When to choose Canary
Choose Canary if you’re the person in the video call — juggling back-to-back meetings, multitasking, and dreading the “what did I miss?” moment. It’s bot-free like Plaud, but it captures your computer’s system audio from any app with no bot, no plugin, no virtual audio device, and no separate gadget; it shows a live summary that zooms from the last few seconds to the whole call; and it runs on macOS, Windows, and Linux. If you want a comparison with another no-device, capture-everything approach, see Canary vs Limitless.
Frequently asked questions
Is Canary a Plaud alternative?
For meetings that happen on your computer, yes — but they take opposite approaches. Plaud is a hardware recorder you review after syncing; Canary is software that shows a live summary during the call, with no device to buy. If your meetings are video calls and you want real-time awareness rather than an after-the-fact recording, Canary is the closer fit. If your meetings are in person, Plaud's recorder is built for exactly that.
Does Plaud show a live summary during the meeting?
No. Plaud records the audio on the device, and the transcript and AI summary are generated after you sync the recording to its app — it's post-meeting by design.
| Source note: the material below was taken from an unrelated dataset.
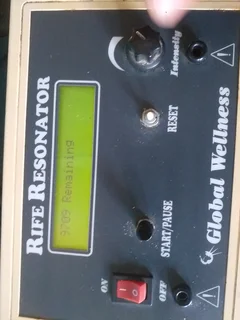 Rife Resonator machineWorking Theres no powerplug (i used a universal charger to test it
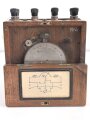 Wheatstone Meßbrücke ( Messeinrichtung zur Messung von elektrischen Widerständen). Größe des Holzgehäuses etwa 18 x 19 x 9cm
Canary's distinctive feature is a multi-resolution rolling summary — now / 2 min / 5 min / full call — that updates continuously while the meeting is still happening, so you can glance over and catch up the instant your name is called.
Do I need to buy hardware to use Canary?
No. Canary is software that runs on the computer you're already taking calls on; it captures your system audio with no bot, no plugin, and no extra device. Plaud requires its recorder — the Plaud Note or NotePin — as a separate purchase, plus a subscription for advanced AI transcription and summaries.